«O paradoxo de eu te atribuir uma identidade: nunca a rosa foi um exterior a si ou as pétalas, a epiderme da flor. Nunca quisemos nomear deus. Escapámos a toda a semântica. E dissemo-nos tantas vezes que o amor não é um deslumbramento. O amor é um vislumbre, e por isso tu estarás sempre ausente de mim e eu de ti»... Isto escreve Isabel Aguiar Barcelos a António Ramos Rosa. Ele responde.
«O que é uma árvore? Um ser que te ignora e nos ignora? Nós designamos tudo, determinamos, sabemos tudo. Uma árvore é um ser como uma formiga ou uma bactéria, mas é uma árvore. Nós determinamos tudo e perdemos a continuidade infinita do cosmos, do amor, da infância, da nudez. Nós somos como todos, mas fora da banalidade instruída, fora da perversão da humanidade socializada. Nós somos obscuros personagens de uma condição obscura. Não procuro que me esclareças. Sou um bicho que não sabe responder, determinar, mas quer partilhar o seu insondável enigma, o seu desamparo cósmico, a sua impossibilidade fatal de existir. A minha pele não é a de um homem seco e delimitado por axiomas ou por uma ideologia.»
O livro em epístolas pendulares desenrola-se, na tese prefaciadora de Hélia Correia, neste «encontro amoroso» de dois bichos escreventes, de duas linguagens forjadas na «imaginação selvagem» cuja leitura-visita apela à «inspiração do receptor».

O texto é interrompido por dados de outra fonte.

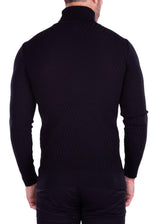 Textured Turtleneck Sweater Black Men's Solid Color Knit Wool Cotton Bespoke Moda by NEO NYC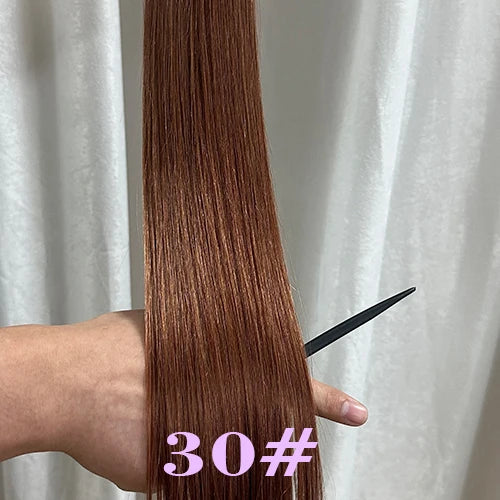 50Pcs Nano Ring Human Hair Extensions Straight Remy Micro Beads Ring Hair Extension 0.5g/0.8g/1g/Strand 12-26Inch Natural Color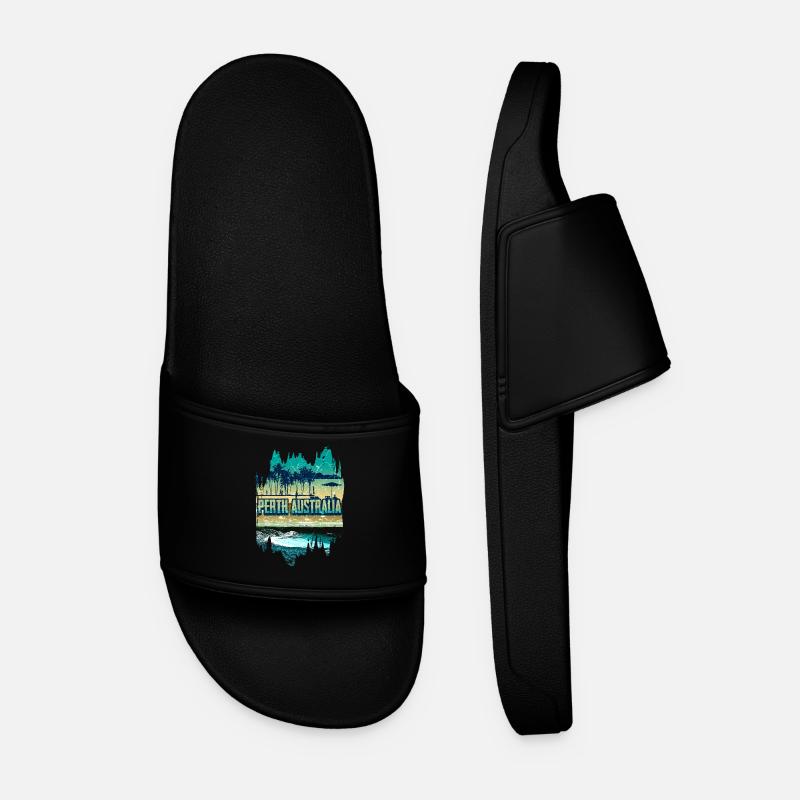 Perth Australia Retro Vacation - Men’s Pool Sliders - black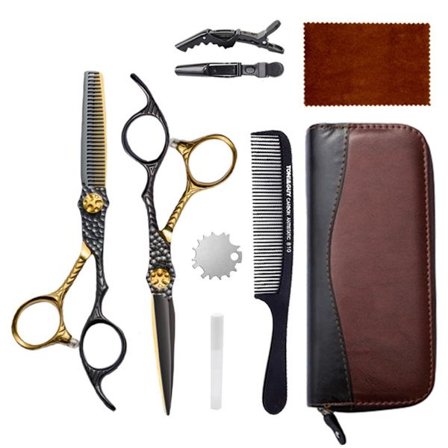 Professionelt sæt frisørsakse - 9CR13 rustfrit stål, CNC-bearbejdet, ergonomiske præcisionsklinger Black&Gold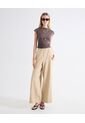 Pantalón Palazzo Bolsillos Diagonales  Para Mujer Beige Seven Seven de Seven Seven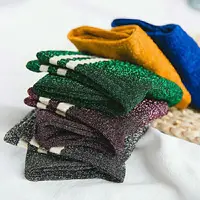 Calcetines con purpurina a rayas para mujer, medias brillantes Harajuku, ropa de calle de moda, calcetines sueltos de algodón de filigrana, lencería femenina bonita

António Ramos Rosa nasceu em Faro em 1924. Em Lisboa trabalhou num escritório, ao mesmo tempo que traduziu, escreveu, fez crítica literária e dirigiu revistas da especialidade como a Árvore, Cassiopeia e Cadernos do Meio-Dia. Acabaria por se dedicar em exclusivo à tradução e à escrita. Entre as distinções que recebeu destacam-se o Prémio Pessoa de 1988, o de Poeta Europeu da Década, atribuído pelo Collège de l’Europe em 1991, o Prémio Ruy Belo de 2001 e o Prémio Sophia de Mello Breyner Andresen de 2005. Isabel Aguiar Barcelos nasceu no Funchal em 1958. É professora de Português do Ensino Secundário. Em 1990 recebeu o Prémio Revelação da Associação Portuguesa de Escritores com o livro Sandálias do Tempo. Publicou poesia, histórias infantis e contos, constando em várias antologias do género. Em 2001 obteve a Bolsa de Criação Literária/Poesia, do Ministério da Cultura, da qual resultou o livro Nunca se Regressa ao Mesmo Lugar.